Forum dialog ini merupakan kolaborasi kegiatan (join event) bulanan yang didukung Yayasan Dompet Dhuafa (DD), yang memiliki kepedulian tinggi dalam kegiatan kemanusiaan, pemberdayaan baik bidang pendididkan, kesehatan, maupun kebudayaan dan KEB Hana Bank.
Series Fintech “Tantangan Fintech untuk Memajukan UMKM Tangguh” kali ini hadir sebagai narasumber: Winardi Wijaya (Grup Head Operation PayPro), Rudy Hamdani (Head of Financial Technology Solutions – PT. GTech Digital Asia), Teguh B Ariwibowo (Founder Pinjam.co.id), Eddi Danusaputro (Direktur Utama PT Mandiri Capital), Saat Suharto Amjad (Dirut PT BMT Ventura) dan Urip Budiarto (General Manager Recources Mobilization Dompet Dhuafa).
Founder CARICARA – Advisory on Public Policy Research & Development Nasyith Majidi mengatakan, kini fintech sudah dirasakan kehadirannya. Sebagian menganggap sebagai peluang, sebagian yang lain juga menjadi ancaman. Kehadirannya saat ini seperti riak kecil, sebentar lagi menjadi gelombang, dan kemudian menjadi akan menjadi bah dalam dunia keuangan kita.
“Fintech juga bermakna sebagai “lonceng kematian” bagi lembaga keuangan mikro yang tidak mampu beroperasi secara efisien. Bukan rahasia lagi, jika saat ini Lembaga Keuangan Mikro (LKM) belum cukup mampu bersaing dalam efisiensi pengelolaan manajemennya, yang ditunjukkan dengan tingginya cost of fund yang dikenakan kepada nasabahnya. Ini berlaku baik bagi LKM konvensional maupun LKM Syariah,” ujar Nasyith dalam paparannya.
Meski demikian LKM, nilai Nasyith, karena nature of business nya sehari-hari menggeluti pasar keuangan mikro, diharapkan memiliki penguasaan pasar yang lebih baik dibanding institusi pendatang. Kemampuan mengadaptasi FINTECH dan menjadi bagian penting yang tidak bisa ditolak dalam memajukan usahanya, LKM tetap memiliki peluang untuk survive.
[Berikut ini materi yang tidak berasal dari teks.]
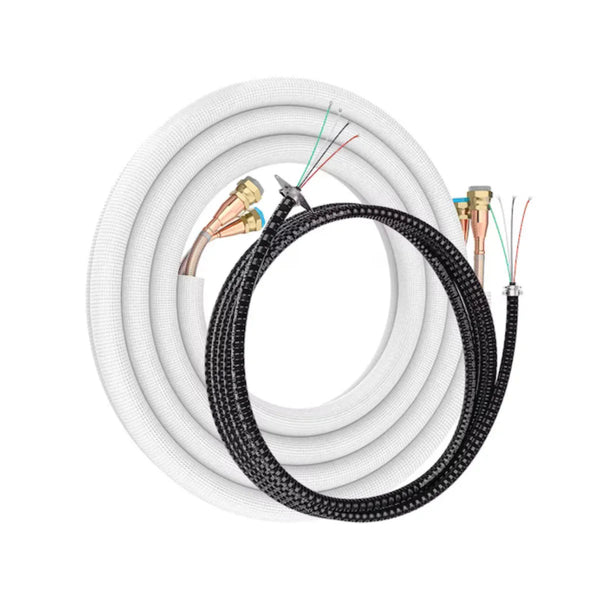 DIY50-1438C-O_3-1 (6x) MRCOOL DIY16-1438-O (55 Ft) 1/4" x 3/8" Pre-Charged Line Set with Pro Cable | R454B Refrigerant for DIY Mini Split Systems (6K–12K BTU) - Image 1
Tanpa kemauan untuk bermetamorfosis menjadi LKM yang ramah FINTECH, kekhawatiran akan tumbangnya bisnis LKM bukan sebuah kemustahilan.
Melalui forum ini, CARICARA ingin menyerap dan membagi informasi kepada publik sebagai bagian dari memperkaya pengetahuan dengan segala aspek yang menjadi konsekuensi berkembangnya FINTECH yang begitu cepat, baik dari pelaku teknologi, penyedia platform, infrastruktur telekomunikasi, maupun pelaku UKM, agar public policy yang dibuat oleh pemerintah mempertimbangkan berbagai faktor yang terdampak, baik positif maupun negatif.
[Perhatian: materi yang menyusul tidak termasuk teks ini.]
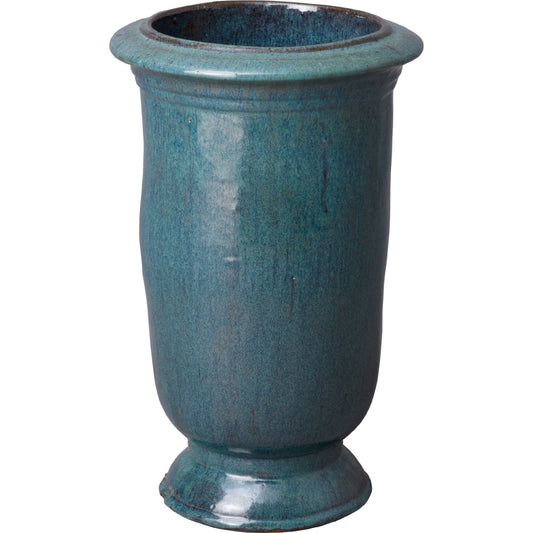 Tall Cup Planter by Emissary USA. Made from unique in a traditional style.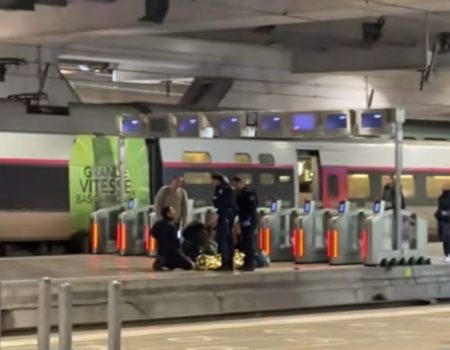 Coups de feu à la gare Montparnasse: un homme armé d’un couteau grièvement blessé par la police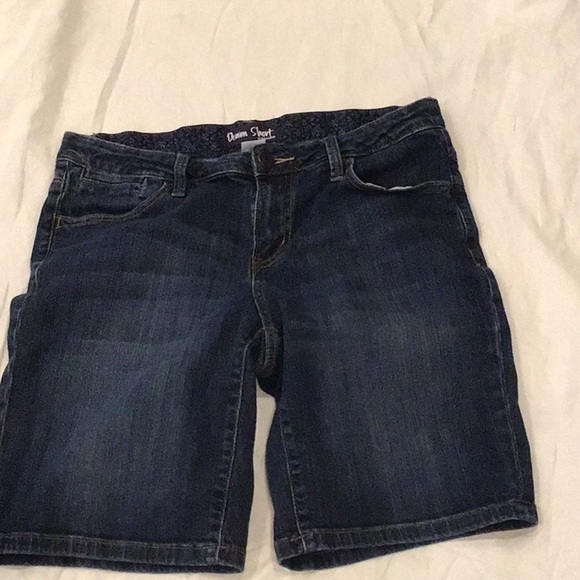 St. John's Bay Pants - St John’s Bay Denim Jean Shorts Size 8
Policy Research mengenai fintech saat ini sedang dikerjakan oleh CARICARA secara independen yang diharapkan menjadi sumbangan untuk penciptaan Public Policy yang baik bagi bangsa Indonesia. Kami meyakini, semakin banyak masukan dari pelaku dan stake holder, akan menghasilkan kebijakan public yang lebih bagus bagi bangsa ini.
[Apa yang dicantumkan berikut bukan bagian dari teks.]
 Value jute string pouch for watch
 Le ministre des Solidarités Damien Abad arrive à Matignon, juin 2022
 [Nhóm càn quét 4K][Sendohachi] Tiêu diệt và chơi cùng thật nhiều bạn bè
Dan kebijakan yang sifatnya antisiptif diperlukan karena Indonesia diperkirakan tahun 2018 ini sebagai pengguna internet terbesar ke 5 di dunia (mengalahkan Jepang), dan Indonesia menempati urutan ke 5 terbesar sebagai negara penyumbang pertumbuhan ekonomi dunia setelah China, Amerika, India, EU.
Untuk itu kebijakan yang menyangkut FINTECH di Indonesia, public memerlukan kecepatan dalam merumuskan policy, antisipatif, dan memiliki horizon ke depan yang menjangkau jauh ke depan, bukan lagi sebagaimana pembuatan kebijakan publik konvensional sebagaimana dilakukan oleh pengambil kebijakan selama ini yang cenderung tidak mampu mengantisipasi perubahan teknologi yang begitu cepat. (ita)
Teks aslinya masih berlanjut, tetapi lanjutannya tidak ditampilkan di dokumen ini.